SINGAPORE, April 10 (Reuters) - Singapore has suspended the use of video-conferencing tool Zoom by teachers, its education ministry said on Friday, after “very serious incidents” occurred in the first week of a coronavirus lockdown that has seen schools move to home-based learning.
One of the incidents involved obscene images appearing on screens and strange men making lewd comments during the streaming of a geography lesson with teenage girls, according to local media reports.
Zoom Video Communications Inc ZM.O has been plagued with safety and privacy concerns about its conferencing app which has seen a surge in usage as offices and schools around the world shut to try curb coronavirus infections.
“These are very serious incidents. MOE (Ministry of Education) is currently investigating both breaches and will lodge a police report if warranted,” said Aaron Loh of the ministry’s educational technology division, without detailing the incidents.
“As a precautionary measure, our teachers will suspend their use of Zoom until these security issues are ironed out.”
Loh said that they would further advise teachers on security protocols such as requiring secure log-ins and not sharing the meeting link beyond the students in the class.

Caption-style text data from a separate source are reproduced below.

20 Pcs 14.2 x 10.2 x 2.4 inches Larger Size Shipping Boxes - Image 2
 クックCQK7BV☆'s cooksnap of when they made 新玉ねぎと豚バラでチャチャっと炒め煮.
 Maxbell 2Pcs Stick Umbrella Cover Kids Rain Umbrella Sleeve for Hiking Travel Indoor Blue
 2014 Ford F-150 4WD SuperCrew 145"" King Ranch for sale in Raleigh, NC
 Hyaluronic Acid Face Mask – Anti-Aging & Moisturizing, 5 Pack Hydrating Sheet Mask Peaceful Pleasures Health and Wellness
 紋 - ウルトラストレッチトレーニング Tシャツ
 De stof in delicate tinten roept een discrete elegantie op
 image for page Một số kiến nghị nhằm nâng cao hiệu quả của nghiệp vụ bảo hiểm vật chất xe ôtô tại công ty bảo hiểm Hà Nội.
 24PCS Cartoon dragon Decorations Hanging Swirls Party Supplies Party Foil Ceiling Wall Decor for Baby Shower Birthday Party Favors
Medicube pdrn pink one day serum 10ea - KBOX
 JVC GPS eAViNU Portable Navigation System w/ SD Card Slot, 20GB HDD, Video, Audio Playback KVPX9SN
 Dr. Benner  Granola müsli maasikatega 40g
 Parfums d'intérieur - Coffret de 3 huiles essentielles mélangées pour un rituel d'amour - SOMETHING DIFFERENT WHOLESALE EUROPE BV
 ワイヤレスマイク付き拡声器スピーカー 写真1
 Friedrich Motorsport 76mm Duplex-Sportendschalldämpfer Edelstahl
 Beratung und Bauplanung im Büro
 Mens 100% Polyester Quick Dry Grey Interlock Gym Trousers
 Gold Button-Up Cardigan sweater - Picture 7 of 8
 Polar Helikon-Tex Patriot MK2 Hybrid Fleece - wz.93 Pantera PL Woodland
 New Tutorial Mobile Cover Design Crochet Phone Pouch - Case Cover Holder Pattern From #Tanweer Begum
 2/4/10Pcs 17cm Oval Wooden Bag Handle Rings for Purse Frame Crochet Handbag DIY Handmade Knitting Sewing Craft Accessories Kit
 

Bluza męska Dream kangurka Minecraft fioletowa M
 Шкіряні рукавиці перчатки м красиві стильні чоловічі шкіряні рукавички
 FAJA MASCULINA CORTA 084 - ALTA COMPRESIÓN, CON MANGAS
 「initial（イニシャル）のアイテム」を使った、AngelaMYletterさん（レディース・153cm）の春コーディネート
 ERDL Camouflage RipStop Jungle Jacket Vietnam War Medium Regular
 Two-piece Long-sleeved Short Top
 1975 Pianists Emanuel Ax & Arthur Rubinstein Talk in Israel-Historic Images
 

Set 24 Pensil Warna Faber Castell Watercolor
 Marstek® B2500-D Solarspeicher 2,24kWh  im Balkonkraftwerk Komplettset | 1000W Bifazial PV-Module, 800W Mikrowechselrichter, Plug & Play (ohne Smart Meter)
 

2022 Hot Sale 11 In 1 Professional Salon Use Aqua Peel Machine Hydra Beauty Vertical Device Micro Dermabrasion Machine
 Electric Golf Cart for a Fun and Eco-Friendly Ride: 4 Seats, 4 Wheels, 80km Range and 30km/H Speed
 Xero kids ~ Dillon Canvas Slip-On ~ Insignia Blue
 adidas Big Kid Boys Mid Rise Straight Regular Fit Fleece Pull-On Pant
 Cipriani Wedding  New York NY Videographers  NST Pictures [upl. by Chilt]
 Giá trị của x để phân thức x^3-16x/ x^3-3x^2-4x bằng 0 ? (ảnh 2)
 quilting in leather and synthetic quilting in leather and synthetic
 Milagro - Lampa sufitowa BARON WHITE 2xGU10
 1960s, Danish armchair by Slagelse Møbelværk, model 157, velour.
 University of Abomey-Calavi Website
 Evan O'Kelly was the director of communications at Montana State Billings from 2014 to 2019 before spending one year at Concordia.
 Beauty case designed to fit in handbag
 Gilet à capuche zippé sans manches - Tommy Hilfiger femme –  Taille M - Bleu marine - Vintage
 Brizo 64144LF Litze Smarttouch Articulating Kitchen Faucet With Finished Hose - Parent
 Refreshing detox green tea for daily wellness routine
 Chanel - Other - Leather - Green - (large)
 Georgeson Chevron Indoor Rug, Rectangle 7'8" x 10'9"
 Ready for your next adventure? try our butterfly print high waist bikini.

Taiwan and Germany have already put restrictions on Zoom’s use, while Alphabet Inc’s Google banned the desktop version of Zoom from corporate laptops on Wednesday. The company also faces a class-action lawsuit.
Concerns have grown over its lack of end-to-end encryption of meeting sessions, routing of traffic through China and “zoombombing” when uninvited guests crash meetings.
Officials at Berkeley High School in California said they suspended use of the app after a “naked adult male using racial slurs” intruded on what the school said was a password-protected meeting on Zoom, according to a letter to parents seen by Reuters.